Acte III. — Peu de retouches. C’est le centre du drame, un attentat dont la rapidité exige plus de décision que de préparation. Dumas a cru devoir ajouter le jeu de scène du poignard qu’Antony fiche en la table, et cette phrase lapidaire : « Elle est bonne, la lame de ce poignard »[2]. Le monologue, dont cette phrase est un fragment, s’égarait en des considérations quelconques sur la destinée. Une apologie métaphysique du suicide en a pris la place ; ce bavardage était fort à la mode, et amorçait le dénoûment. Le morceau se terminait à l’arrivée de la voiture, sur quelques mots d’angoisse empruntés au monologue du duc d’Albe, et déjà utilisés dans Christine[3]. Il a supprimé ces beautés déjà vues.
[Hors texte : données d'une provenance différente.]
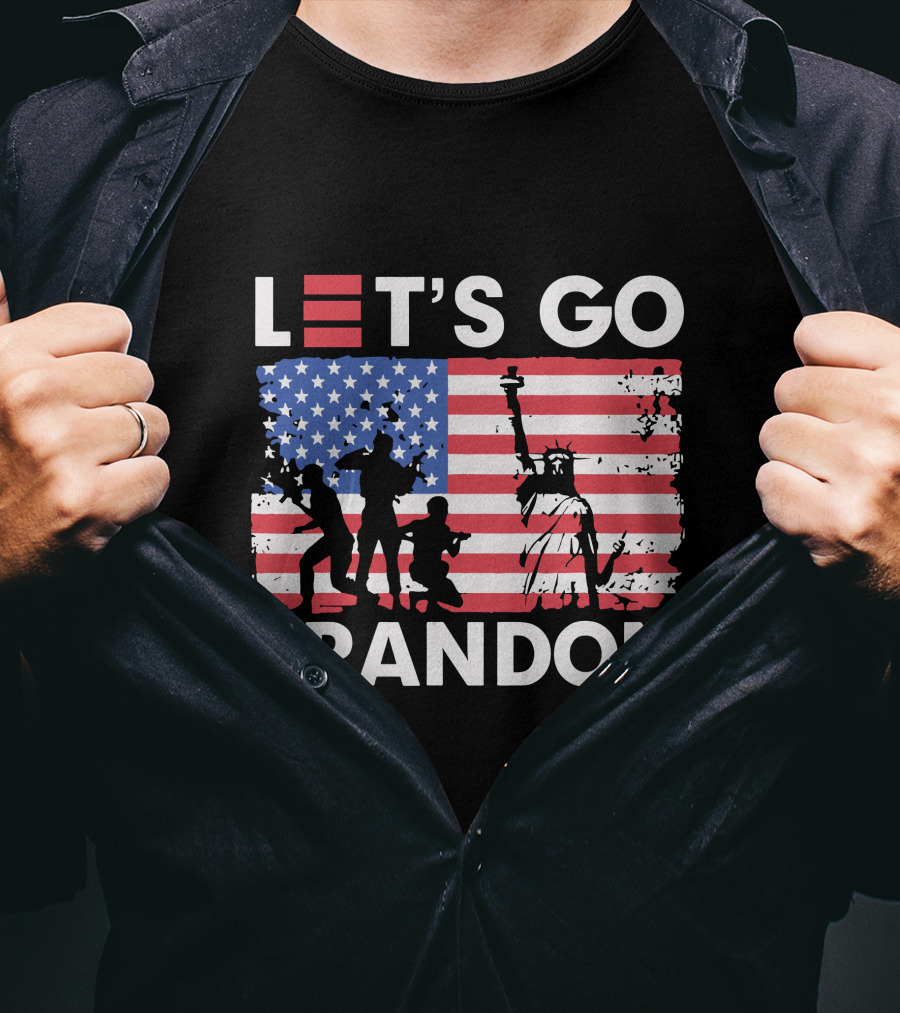 Let's Go Brandon American Flag Statue Of Liberty T-Shirt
Une scène a disparu, dans laquelle l’hôtesse disait à Adèle que le baron d’Hervey passait à Stras-

  1. Manuscrit original, II, p. 20. « Je vous pardonne, Antony… Oui, oui, je vous pardonne ; car il faut que vous soyez bien malheureux pour vous oublier ainsi. » Cf. p. 321.
  2. Antony, III, sc. iii, p. 196. C’est une préparation, pour les yeux, du meurtre final.
  3. Voir plus haut, p. 89.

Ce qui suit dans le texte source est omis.